Etudier l’histoire en français à Prague
Les étudiants en histoire francophones, qu’ils soient Tchèques ou en séjour Erasmus à Prague, ont à l’Université Charles l’occasion unique de développer leurs connaissances et leurs compétences à travers le séminaire d’histoire franco-tchèque. Dans son cadre, ce sont des historiens tels qu’Olivier Marin ou Bruno Dumézil qui ont pu intervenir devant eux dans la capitale tchèque. Co-organisateur du séminaire, le médiéviste Jaroslav Svátek l’a présenté au micro de Radio Prague.
Quel est l’objectif du séminaire historique franco-tchèque et à quel public s’adresse-t-il ?

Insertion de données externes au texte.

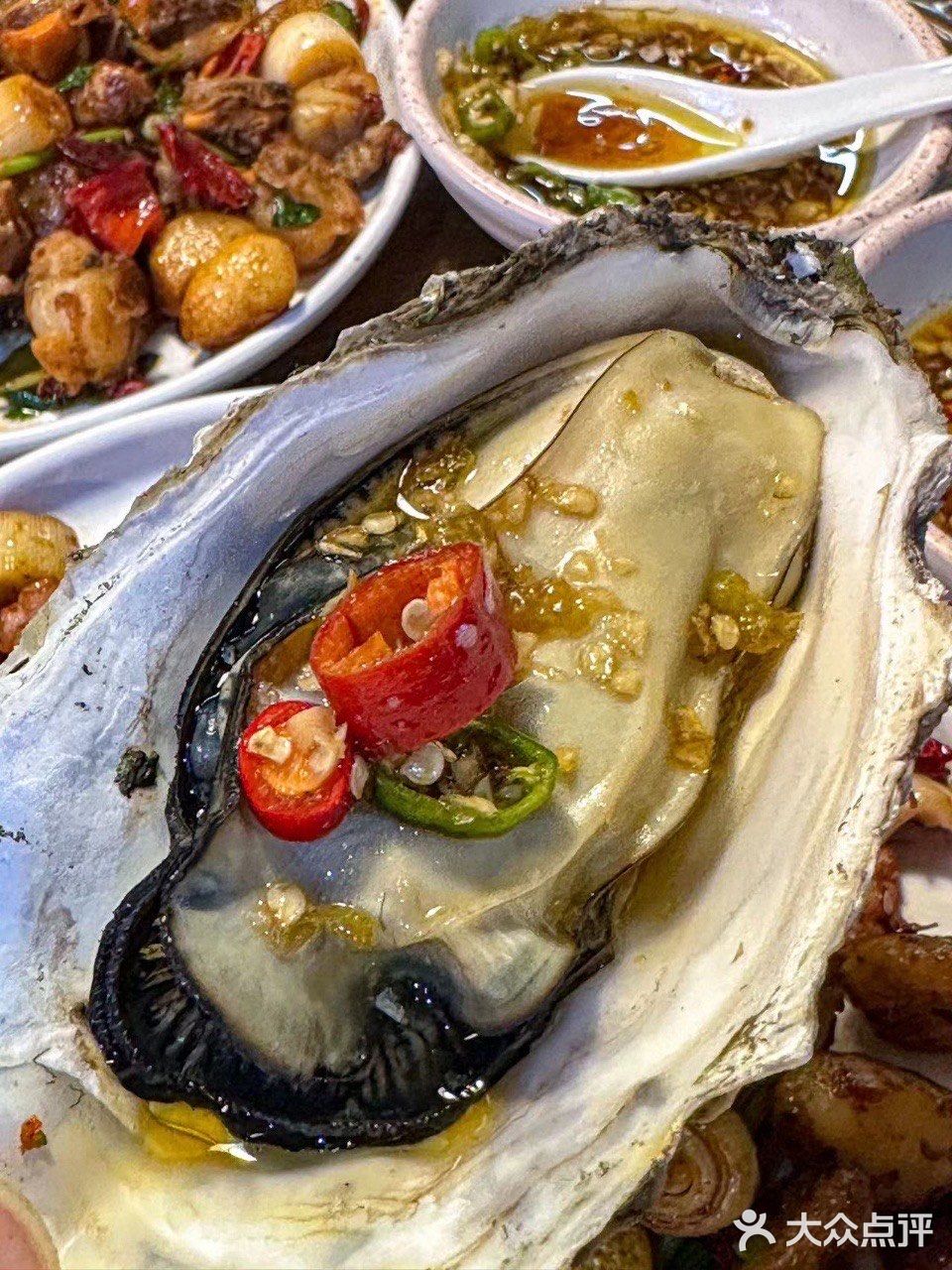 真后悔👉怎么没早点发现这家海鲜烤串啊‼️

« Le séminaire a plusieurs objectifs. Il s’agit tout d’abord de promouvoir la francophonie dans le milieu universitaire tchèque, parce qu’il y a peu de cours en langue française. Il y a déjà beaucoup de cours en anglais, même à la faculté de lettres. Le séminaire est le seul cours en français à l’exception bien sûr de ceux du département de langues romaines. Ensuite, c’est l’occasion d’encadrer les étudiants les tchèques et de les mettre en contact avec les professeurs français invités à ce cours. En même temps, le but est d’encadrer les étudiants Erasmus francophones, notamment français, qui viennent à Prague, qui sont très nombreux et qui peuvent se familiariser un peu plus, directement, avec le milieu universitaire tchèque, parmi les étudiants mais aussi parmi les enseignants. Ils peuvent aussi ainsi se mettre en contact avec l’histoire tchèque et l’histoire des relations franco-tchèques. »C’est le médiéviste Martin Nejedlý qui a créé ce séminaire en 2002. Comment a-t-il évolué en quinze ans ? Sa forme a-t-elle changé ?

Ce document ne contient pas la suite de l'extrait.